Song by John Hiatt

from the album Bring the Family
- Released: June 3, 1987
- Recorded: February 1987
- Studio: Ocean Way (Hollywood)
- Genre: Rock
- Length: 4:01
- Label: A&M
- Songwriter: John Hiatt
- Producer: John Chelew

= Have a Little Faith in Me =

1987 song by John Hiatt

"Have a Little Faith in Me" is a song written and performed by American singer John Hiatt that appears on his 1987 album Bring the Family. His version of the song has also appeared on the soundtracks of the movies Look Who's Talking Now (1993), Benny & Joon (1993), Phenomenon (1996), The Theory of Flight (1998), Cake (2005), My Best Friend’s Girl (2008), Love Happens (2009), Father Figures (2017), and Benjie (2017). Live versions were included on 1994's Hiatt Comes Alive at Budokan? and 2005's Live from Austin, TX. The song has been included in all of his greatest hits collections, including 1998's The Best of John Hiatt (as a rerecorded version) and Greatest Hits — The A&M Years ’87-’94, 2001’s Anthology, 2003’s 20th Century Masters, and the 2005 box set Chronicles.

==Background==
The song was the first song written by Hiatt following his sobriety from drugs and alcohol, which had contributed to his marriage breakdown and his being released by former record labels. Hiatt's original attempt at recording the song took place at a friend's studio and included a larger instrument accompaniment. However, the recording was plagued by technical issues. The morning after, Hiatt was informed that his estranged wife had committed suicide. Hiatt attributes the technical problems with the original recording as a sign that the song was not meant to be heard that way, and he eventually released the song with a much simpler piano accompaniment.

==Mandy Moore version==

"Have a Little Faith in Me" is the first single and closing track from Coverage (2003), the third studio album by American actress and singer Mandy Moore. The song was written by John Hiatt and produced by John Fields.

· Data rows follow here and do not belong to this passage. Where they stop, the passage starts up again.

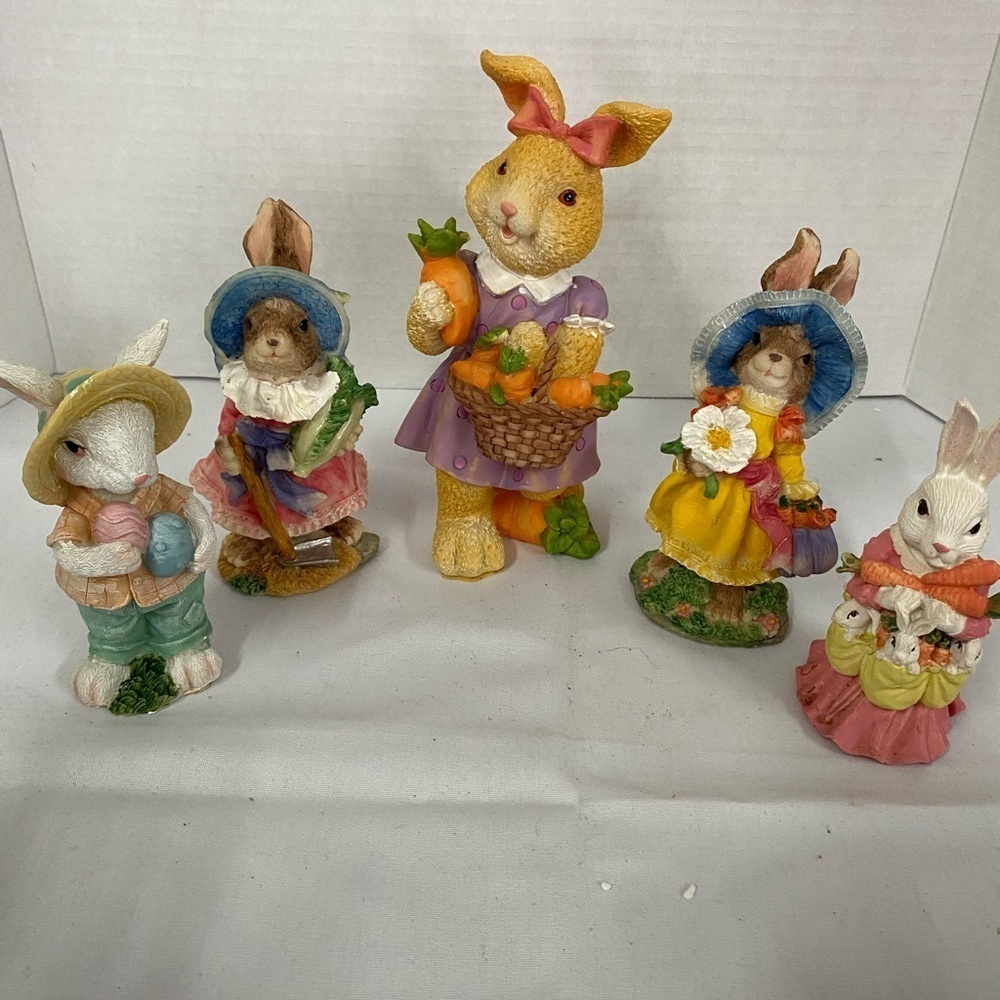 Set of 5 Easter Rabbits (DD)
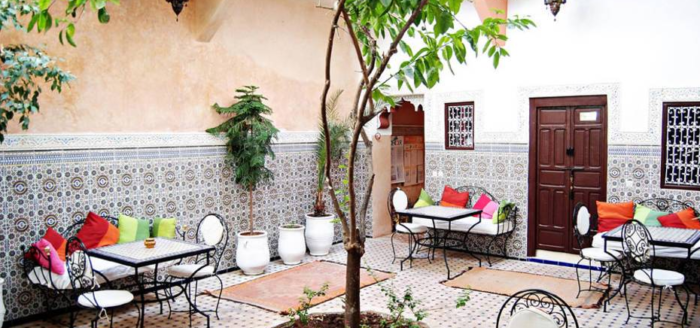innenhof hotel riad les oliviers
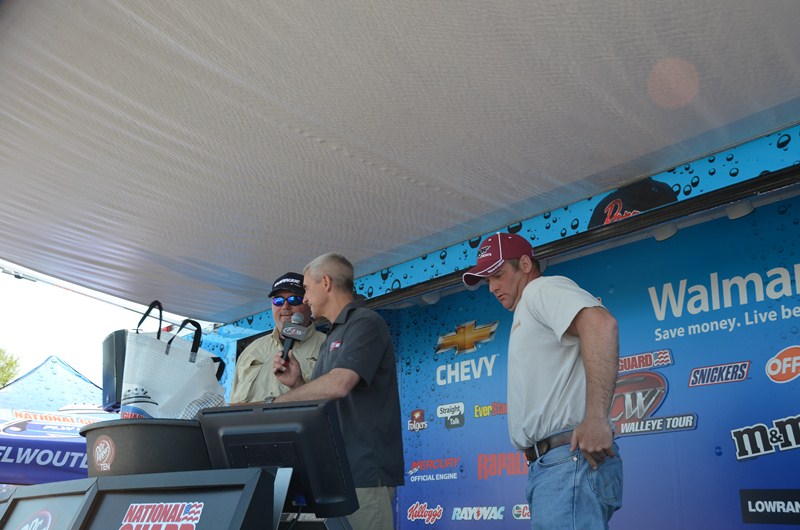 FDB1A65D-90F0-4135-BE05-E6E5BCAD05F8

The song was included on her first greatest hits album The Best of Mandy Moore (2004). "Have a Little Faith in Me" did not have a major impact in the United States, reaching number 39 on the Billboard Mainstream Top 40.

===Track listings===
- US CD single
1. "Have a Little Faith in Me" (album version) – 4:03
2. "Have a Little Faith in Me" (Ford remix) – 3:59

- Digital download
3. "Have a Little Faith in Me" – 4:03

===Charts===

| Chart (2003) | Peak position |
|---|---|
| US Pop Airplay (Billboard) | 39 |

==Covers==
- Bill Frisell released an instrumental version on his 1992 album Have a Little Faith.
- Delbert McClinton recorded his version in 1992 for the album Never Been Rocked Enough.
- New Zealand electronica band Strawpeople recorded their version in 1992 for the album Worldservice.
- Joe Cocker recorded his version in 1994 for the album Have a Little Faith. While the single did not chart, the album went at least gold in 6 nations.
- Jewel recorded a cover for the soundtrack to the 1996 film Phenomenon.
- Ilse DeLange recorded a cover of the song on her live album Dear John, in 1999.
- Chaka Khan recorded a cover for the soundtrack to the 2000 HBO film Disappearing Acts.
- X Factor UK finalist Daniel Evans recorded this for his 2010 debut album No Easy Way.
- Jon Bon Jovi recorded his version in 2011 for the film New Year's Eve (duet with Lea Michele).
- Jamie N Commons recorded a cover version for his second EP Rumble and Sway released in 2013.
- Maisy Stella (as Daphne Conrad) and Will Chase (as Luke Wheeler) in the third season of the television show Nashville. The song was performed on episode 19 "The Storm Has Just Begun." It was released as a single and included on the album The Music of Nashville: Season 3, Volume 2.
- Pop Rock band The Summer Set sampled the main tempo for their song Heart on the Floor, featured on their 2013 album Legendary.
- Dan Mangan recorded his version in 2019 for the covers album Thief.
- Galantis and Dolly Parton recorded their version in a 2019 single "Faith".
- The English duo 29 Palms recorded the song as the final track on their 1992 album No Eden.
- SYML recorded his version in 2022 as a single.
- Dr. Teeth and the Electric Mayhem covered this song on the 2023 streaming series The Muppets Mayhem, with Dr. Teeth on lead vocals. It is also included in the show's soundtrack album.
- Norwegian jazz vocalist Solveig Slettahjell with The Slow Motion Quartet recorded their cover for the 2005 album Pixiedust. This version was used in the 2012 NRK broadcast "Nordlandsbanen - minutt for minutt."